What We Have Lost is a collection of well-constructed lyrical
poems, carefully packaged in a multimedia presentation that is
extremely well suited to the new millennium.
—Editor and publisher, M. Scott Douglas, in Main Street
Rag (v. 7 no. 2, Summer 2002)
It's not often that poets read at Carnegie Hall, but
Jeffrey
Beam read there this last April, which should give you some
sense of what you might find if you catch him at McIntyre's
Fine Books in Fearrington Village, Saturday, July 27 at 11
a.m. Beam's reading celebrates the release of a spoken-word
CD, What We Have Lost: New & Selected Poems 1977-2001, a
retrospective collection taken from his award-winning
chapbooks. Those who have heard Beam read know that his spare,
emotionally charged poems come to life in performance with
openhearted and honest warmth that challenges this era's love
affair with irony and power. This reading, drawing from the
whole range of his work, should be particularly special.

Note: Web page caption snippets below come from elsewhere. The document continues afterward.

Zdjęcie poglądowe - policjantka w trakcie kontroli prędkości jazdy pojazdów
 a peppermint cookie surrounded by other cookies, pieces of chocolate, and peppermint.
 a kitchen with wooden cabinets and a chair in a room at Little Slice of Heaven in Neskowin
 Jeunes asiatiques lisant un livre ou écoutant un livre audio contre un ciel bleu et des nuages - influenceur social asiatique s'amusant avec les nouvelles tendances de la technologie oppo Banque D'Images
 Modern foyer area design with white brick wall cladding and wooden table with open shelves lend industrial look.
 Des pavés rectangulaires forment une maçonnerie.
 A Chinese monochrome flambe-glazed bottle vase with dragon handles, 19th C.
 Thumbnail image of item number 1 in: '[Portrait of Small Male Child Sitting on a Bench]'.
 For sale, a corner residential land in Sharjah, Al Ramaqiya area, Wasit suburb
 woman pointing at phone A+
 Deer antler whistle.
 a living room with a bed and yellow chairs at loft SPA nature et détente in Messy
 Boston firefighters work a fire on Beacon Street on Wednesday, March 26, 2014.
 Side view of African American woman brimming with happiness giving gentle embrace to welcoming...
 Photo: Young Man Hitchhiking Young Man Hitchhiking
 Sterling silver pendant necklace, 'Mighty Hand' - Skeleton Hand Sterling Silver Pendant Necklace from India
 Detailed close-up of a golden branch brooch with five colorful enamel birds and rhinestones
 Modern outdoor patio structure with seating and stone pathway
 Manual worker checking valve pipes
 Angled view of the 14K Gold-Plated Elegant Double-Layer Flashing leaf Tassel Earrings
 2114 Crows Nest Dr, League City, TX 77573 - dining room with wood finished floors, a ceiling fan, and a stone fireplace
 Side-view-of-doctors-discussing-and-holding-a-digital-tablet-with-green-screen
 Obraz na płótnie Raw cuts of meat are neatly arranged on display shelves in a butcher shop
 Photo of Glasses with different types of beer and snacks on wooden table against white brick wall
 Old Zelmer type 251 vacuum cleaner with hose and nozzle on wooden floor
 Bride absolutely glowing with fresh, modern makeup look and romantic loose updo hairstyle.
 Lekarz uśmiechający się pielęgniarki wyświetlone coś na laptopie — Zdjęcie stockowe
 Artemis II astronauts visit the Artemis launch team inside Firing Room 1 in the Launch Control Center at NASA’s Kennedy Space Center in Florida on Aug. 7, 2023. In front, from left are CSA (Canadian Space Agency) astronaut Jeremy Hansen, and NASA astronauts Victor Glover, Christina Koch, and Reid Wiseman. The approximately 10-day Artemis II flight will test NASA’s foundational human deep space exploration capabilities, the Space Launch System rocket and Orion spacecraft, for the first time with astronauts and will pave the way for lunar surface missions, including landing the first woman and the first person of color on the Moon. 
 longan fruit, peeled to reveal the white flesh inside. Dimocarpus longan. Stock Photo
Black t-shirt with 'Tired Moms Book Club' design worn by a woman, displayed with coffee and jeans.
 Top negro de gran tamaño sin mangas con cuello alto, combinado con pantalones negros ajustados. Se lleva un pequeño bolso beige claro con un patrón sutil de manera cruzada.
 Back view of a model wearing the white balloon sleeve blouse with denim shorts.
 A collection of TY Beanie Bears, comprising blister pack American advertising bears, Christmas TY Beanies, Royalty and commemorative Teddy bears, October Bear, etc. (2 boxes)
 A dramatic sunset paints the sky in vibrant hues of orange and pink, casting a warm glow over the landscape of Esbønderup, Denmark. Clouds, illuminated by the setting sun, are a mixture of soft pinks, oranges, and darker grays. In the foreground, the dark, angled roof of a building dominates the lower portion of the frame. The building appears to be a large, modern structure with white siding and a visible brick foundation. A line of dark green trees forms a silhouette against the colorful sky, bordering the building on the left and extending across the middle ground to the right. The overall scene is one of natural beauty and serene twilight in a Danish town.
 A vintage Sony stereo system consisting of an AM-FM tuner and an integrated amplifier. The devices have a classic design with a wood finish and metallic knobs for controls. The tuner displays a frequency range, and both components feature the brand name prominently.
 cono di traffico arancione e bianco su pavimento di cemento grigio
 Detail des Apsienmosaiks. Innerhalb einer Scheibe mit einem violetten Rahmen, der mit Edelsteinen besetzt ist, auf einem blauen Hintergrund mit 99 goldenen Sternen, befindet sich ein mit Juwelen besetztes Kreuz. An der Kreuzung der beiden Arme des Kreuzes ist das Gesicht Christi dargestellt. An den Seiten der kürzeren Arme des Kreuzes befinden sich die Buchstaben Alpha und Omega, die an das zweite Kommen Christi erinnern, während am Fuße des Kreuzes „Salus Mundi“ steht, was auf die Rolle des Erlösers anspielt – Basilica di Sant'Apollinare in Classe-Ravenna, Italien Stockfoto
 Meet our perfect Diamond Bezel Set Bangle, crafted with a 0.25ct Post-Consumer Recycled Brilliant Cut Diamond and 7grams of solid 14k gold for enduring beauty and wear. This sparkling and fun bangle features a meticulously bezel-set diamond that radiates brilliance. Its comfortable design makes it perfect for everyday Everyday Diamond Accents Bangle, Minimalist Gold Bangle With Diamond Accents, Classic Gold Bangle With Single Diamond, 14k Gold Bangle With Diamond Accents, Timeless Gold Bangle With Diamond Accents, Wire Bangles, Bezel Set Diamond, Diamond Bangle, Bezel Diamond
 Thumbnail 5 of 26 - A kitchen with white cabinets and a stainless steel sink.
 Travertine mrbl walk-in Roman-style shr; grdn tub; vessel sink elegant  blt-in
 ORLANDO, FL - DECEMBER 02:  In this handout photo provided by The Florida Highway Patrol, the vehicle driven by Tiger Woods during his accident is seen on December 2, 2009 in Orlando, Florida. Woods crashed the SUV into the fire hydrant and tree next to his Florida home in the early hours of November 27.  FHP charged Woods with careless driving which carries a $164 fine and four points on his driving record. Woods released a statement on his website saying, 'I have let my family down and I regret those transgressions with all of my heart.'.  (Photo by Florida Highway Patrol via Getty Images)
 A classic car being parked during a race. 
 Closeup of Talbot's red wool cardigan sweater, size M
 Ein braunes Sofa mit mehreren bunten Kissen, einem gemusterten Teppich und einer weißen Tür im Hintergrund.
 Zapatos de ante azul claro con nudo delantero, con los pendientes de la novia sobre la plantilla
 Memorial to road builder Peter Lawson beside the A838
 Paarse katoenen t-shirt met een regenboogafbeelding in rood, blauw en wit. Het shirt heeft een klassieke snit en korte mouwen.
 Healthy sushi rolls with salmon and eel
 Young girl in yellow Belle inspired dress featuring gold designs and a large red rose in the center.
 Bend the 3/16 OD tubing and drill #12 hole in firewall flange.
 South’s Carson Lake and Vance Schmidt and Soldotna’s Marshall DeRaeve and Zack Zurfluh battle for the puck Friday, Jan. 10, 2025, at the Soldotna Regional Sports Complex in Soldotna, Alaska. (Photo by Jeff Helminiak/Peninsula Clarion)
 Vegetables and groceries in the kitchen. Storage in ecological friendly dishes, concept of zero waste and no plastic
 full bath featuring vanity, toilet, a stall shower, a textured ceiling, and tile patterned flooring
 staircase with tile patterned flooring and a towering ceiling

—David Need in The Independent Weekly, Best Bet for the week of
July 24-30, 2002, (v. 19: no. 31)
I found myself touched in a different way by this new,
digital
medium. It makes issues of atmosphere and place, normally
more ephemeral in poetry, concrete and tangible...It was an
intimate, interactive reverie, with Jeffery's careful voice
parsing...I felt as if I were in someone's house, perusing
through old photos and pieces of the past, an intersection
between my own private spaces and Jeffery's...Wisely, Beam
never attempted to make himself sellable. He chose instead a
smaller scale,
working with regional, small presses, building connections
with regional artists to produce an array of projects. Like
Blake before him, the economy and scale at which Beam chooses
to work has political implications. The choices he made run
counter to the deadening norm, yet they've enabled him to
pronounce an aesthetic that carefully and deliberately affirms
what is often lost in our culture's overuse of irony...His
simply carved lines belie the difficulty of working in so
minimal a medium...He has mastered the difficult work of
stopping at the awkward or seemingly naïve celebration and
leaving it bare, without another layer of words, so that no
other surfaces lies between reader and poem...It's the
curious union of American objectivist aesthetics, whose
democratic intent seeks to free the poem's subject from the
weight of the author's hand, with a more distant landscape
still populated by...light and spirit. Beam's position on
the margins is doubled. As a queer poet, he has a desire that
the mainstream world is discomforted by and he lives in a
world where his value is openly contested...here as
elsewhere, Beam attempts to redeem an abject nature by
recovering its light...Like Rilke and other late-modernist
poets, Beam abandons the Romantic or symbolist desire to bring
down the beautiful. Instead he seeks that supposedly lost
light in small things...Our redemption appears, not as an
image in his poems, but in the spaces between lines where the
word, left alone, we realize, in order to reach after that
moment of redemption possible in all grief...In poetry, there
is such a history of intelligent inquiry into (and passionate
defense of) a painful, ecstatic relation to world, that we are
astounded whenever we are in real need to find words that
exactly speak to us, and touch us. Jeffery Beam's new CDs
conveys this in ways past counting.
—David Need in The Independent Weekly (week of September 25 -
Oct 1, 2002)
Your CD...lays bare all the riches of your skillful spare
music of just-right language and just-so silences and rhythmic
space that resonate in the listener's ear in full-throated
song. You catbird you, sing on & on!
—Novelist and memoirist, Michael Rumaker (email to
author)
Really stunned by the beauty of your poems—their
simplicity
and their power and their goodness in encountering the
world.
—Composer Joel Feigin (letter to author)
Are you thinking of giving books by North Carolina writers
as
gifts for Christmas or Hanukkah?...Three other memorial works
that would make memorable gifts are Jeffery Beam's two-CD
collection of poems, What We Have Lost, read and sung in his
fine, strong tenor; Winston-Salem writer and NCWN board member
Emily Herring Wilson's latest, Two Gardeners: A Friendship in
Letters (Beacon Press, 2002); and Elizabeth Spencer's latest
collection of short fiction, The Southern Woman (The Modern
Library, 2001). These three are masters of their art and you
can trust that a gift of one of these works, or all of them,
will provide hours of worthwhile entertainment. No, that's
not an oxymoron when it comes to literature and reading.
—
Linda Hobson, Director, North Carolina Writers Network (The
Writers' Network News, "Report from the Executive Director"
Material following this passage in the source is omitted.